BEGIN INPUT RECORDS

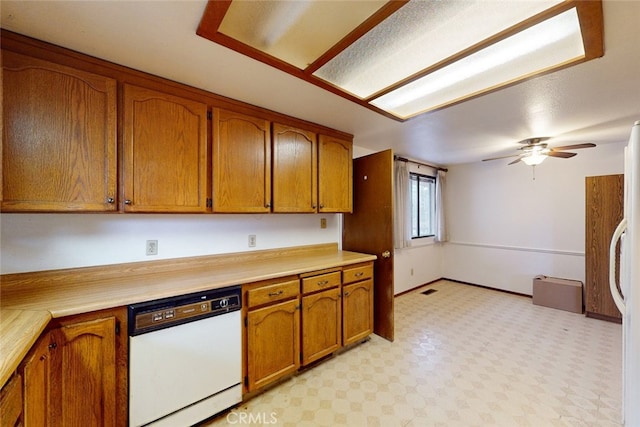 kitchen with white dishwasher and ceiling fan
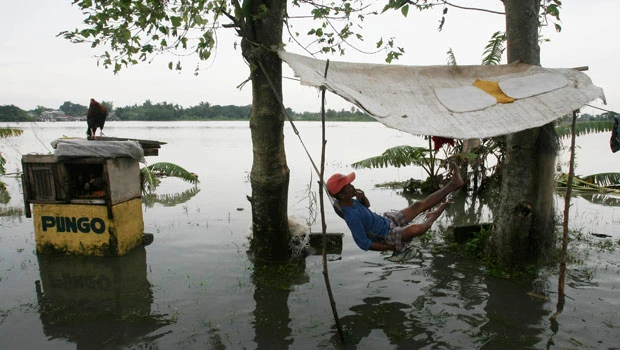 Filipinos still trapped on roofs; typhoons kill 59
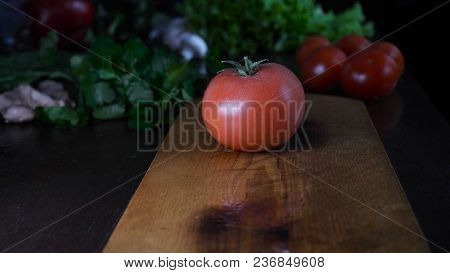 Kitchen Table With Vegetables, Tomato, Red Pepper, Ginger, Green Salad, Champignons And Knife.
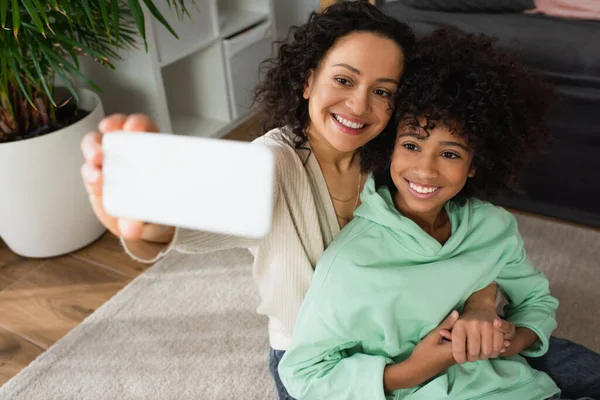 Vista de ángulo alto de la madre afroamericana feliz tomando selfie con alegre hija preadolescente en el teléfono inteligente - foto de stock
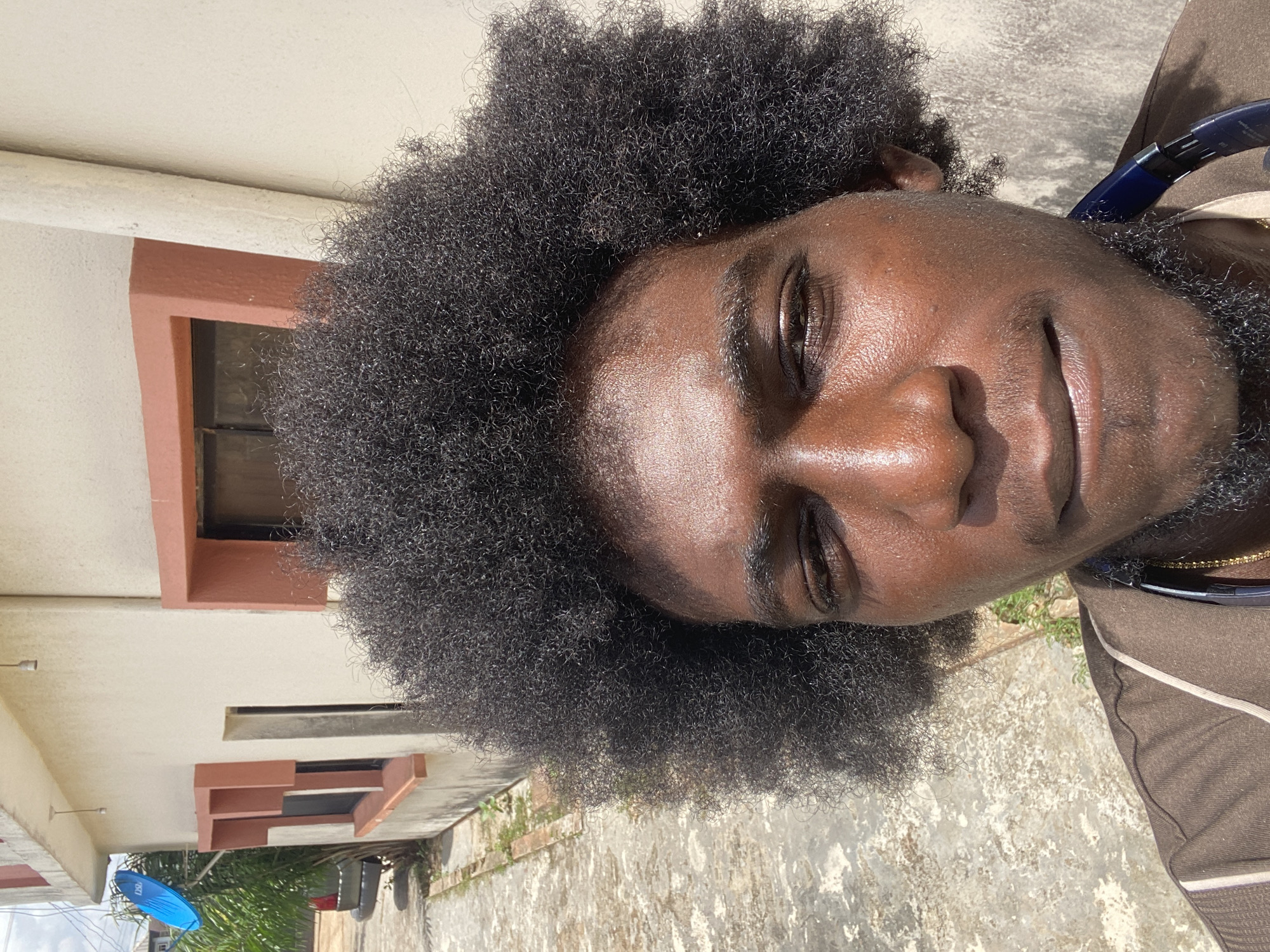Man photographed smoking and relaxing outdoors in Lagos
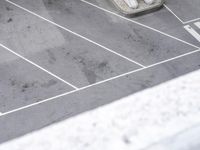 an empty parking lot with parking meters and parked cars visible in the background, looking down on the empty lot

END INPUT RECORDS

WHAT IS REQUIRED:
Quote the records above exactly, leaving out any pictures.

ANSWER BOX:
 kitchen with white dishwasher and ceiling fan
 Filipinos still trapped on roofs; typhoons kill 59
 Kitchen Table With Vegetables, Tomato, Red Pepper, Ginger, Green Salad, Champignons And Knife.
 Vista de ángulo alto de la madre afroamericana feliz tomando selfie con alegre hija preadolescente en el teléfono inteligente - foto de stock
Man photographed smoking and relaxing outdoors in Lagos
 an empty parking lot with parking meters and parked cars visible in the background, looking down on the empty lot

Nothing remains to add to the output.